I need a scheduler job which will execute every 5 mins and process next 100 records from a mongodb collection. It should start from the document which was inserted first. So, in the first run, i can sort the data in ascending order and get the first 100 documents. But for the consecutive runs, how can i retrieve the next 100 records giving the last processed document's object id? (i'm not sure how to use the object id here as it is a generating string with different parameters... i don't have any other id defined.)
我需要一个调度器任务,它将每5分钟执行一次,并处理mongodb集合中的下100条记录。

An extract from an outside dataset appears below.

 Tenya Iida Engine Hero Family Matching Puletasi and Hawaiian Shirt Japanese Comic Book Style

它应该从首先插入的文档开始。因此,在第一次运行中,我可以按升序对数据进行排序,并获得前100个文档。但是对于连续的运行,如何检索下100条记录,并给出最后一个已处理文档的对象id?(我不知道如何使用这里的对象id,因为它是一个具有不同参数的生成字符串……)我没有定义其他的id。

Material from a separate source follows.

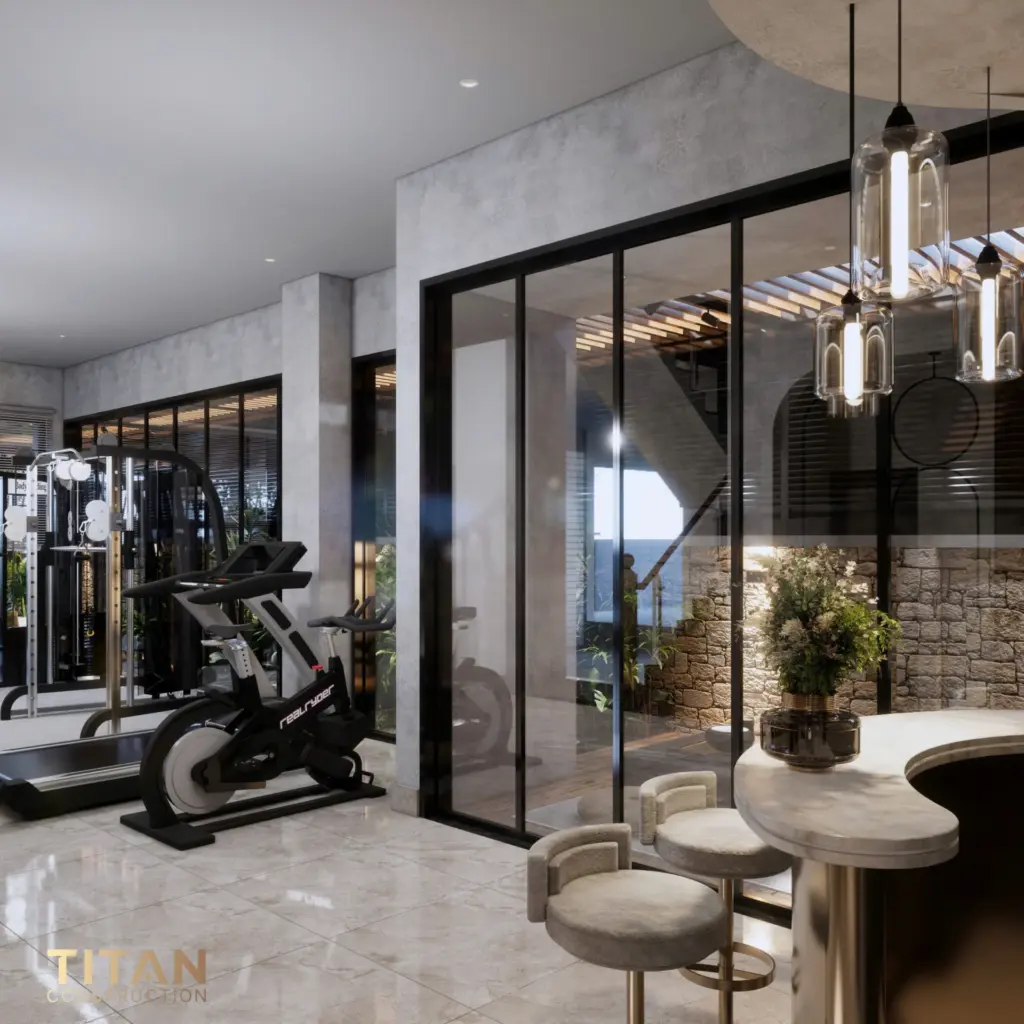 Cải tạo biệt thự song lập, kết hợp hài hòa không gian sinh hoạt và khu giải trí cao cấp với phòng gym riêng biệt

If this is not a good way to retrieve records from mongodb for a large data set, please suggest a better way.
如果这不是从mongodb获取大数据集的记录的好方法,请建议更好的方法。
Each document looks like below:
每个文件如下:
{ "_id" : { "$oid" : "51ff17c8e4b02969f18e72bb"} , "source_of_info" : "somesource" ,
"entityinfo" : [ { "user" : "Alfredo Vela Zancada" , "social_network_entity_id" :
364221775325822977 , "text" : "blah blah blah" , "created_at" : { "$date" : "2013-08-
05T03:10:12.000Z"}}] , "relatedURLs" : [ { "url" : "http://t.co/swqP3FYQt5"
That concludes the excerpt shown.